» Exercise description
Write the lines out again, from the top of the material to the line containing "Kit Elliot, Gareth", pictures excluded.

= = =

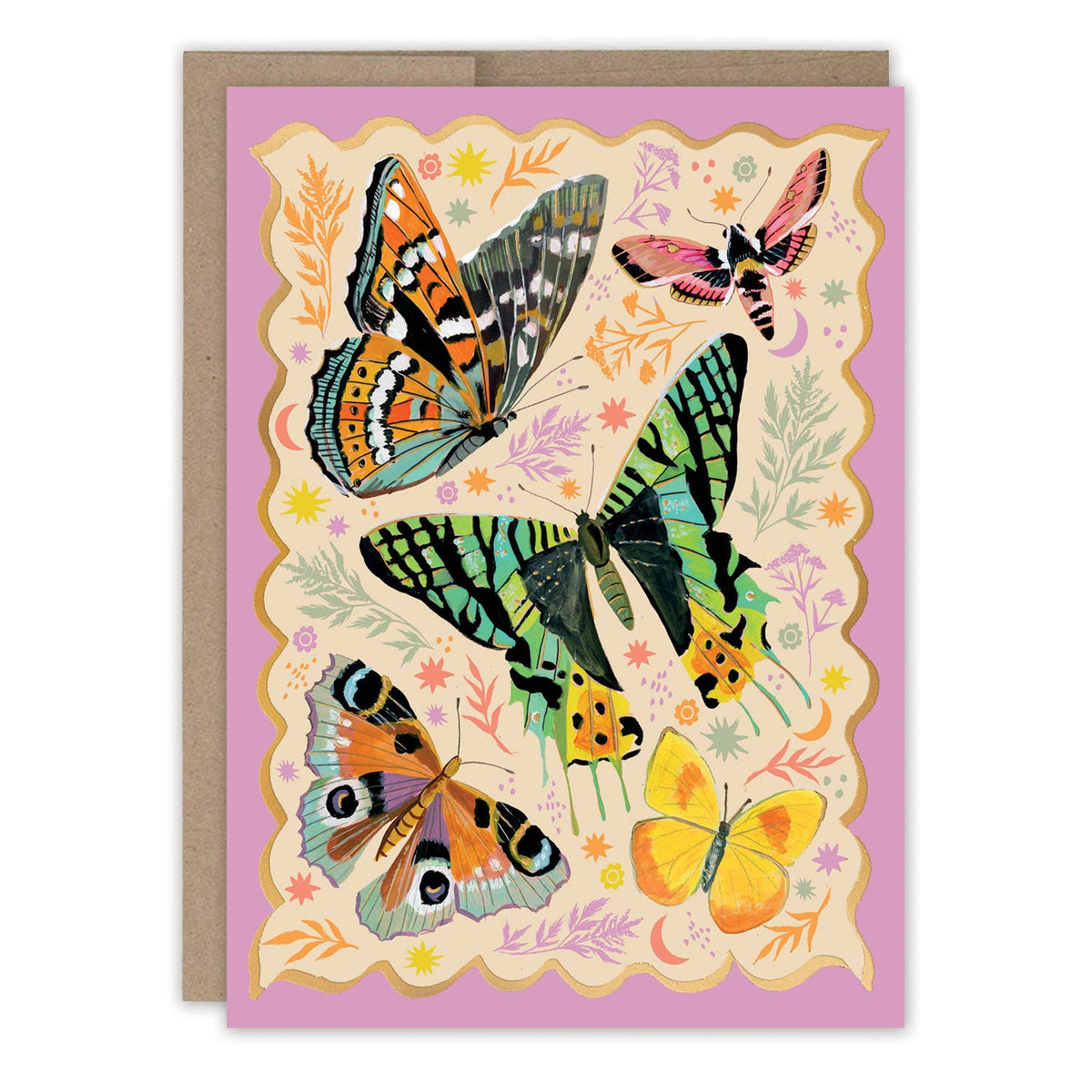 Birthday Card; Enchanting Butterflies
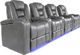 RowOne Revolution Home Entertainment Seating Dark Gray 4-Chair Straight Row-3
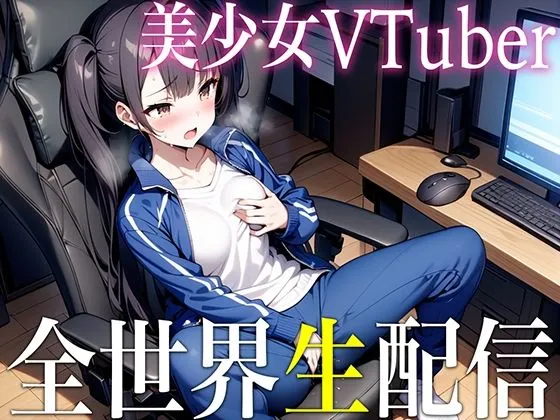 [生牡蠣P]【90%OFF】【放送事故自慰】美少女VTuberが視聴者のコメントに煽られた結果...全世界公開オナニーでイスまでビチョビチョの124ml潮吹きオーガズム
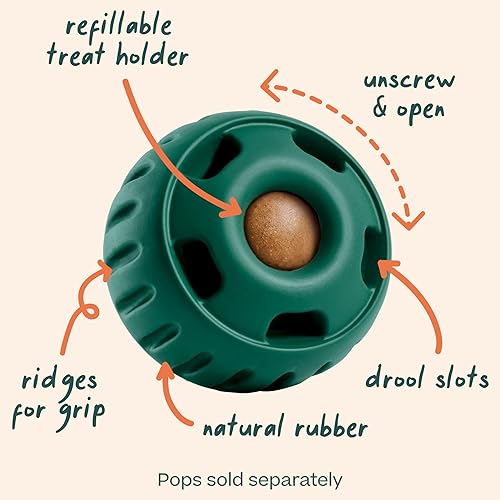 Miniatura 2 de WOOF Pupsicle - Juguete interactivo para perros de larga duración para mantener a tu cachorro ocupado y distraído - Seguro para perros - Diseño de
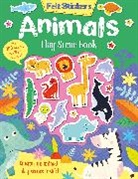 Kit Elliot, Gareth Williams - Felt Stickers Animals Play Scene Book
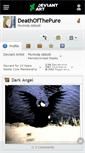 Mobile Screenshot of deathofthepure.deviantart.com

= = =

» Answer to the problem
 Birthday Card; Enchanting Butterflies
 RowOne Revolution Home Entertainment Seating Dark Gray 4-Chair Straight Row-3
 [生牡蠣P]【90%OFF】【放送事故自慰】美少女VTuberが視聴者のコメントに煽られた結果...全世界公開オナニーでイスまでビチョビチョの124ml潮吹きオーガズム
 Miniatura 2 de WOOF Pupsicle - Juguete interactivo para perros de larga duración para mantener a tu cachorro ocupado y distraído - Seguro para perros - Diseño de
 Kit Elliot, Gareth Williams - Felt Stickers Animals Play Scene Book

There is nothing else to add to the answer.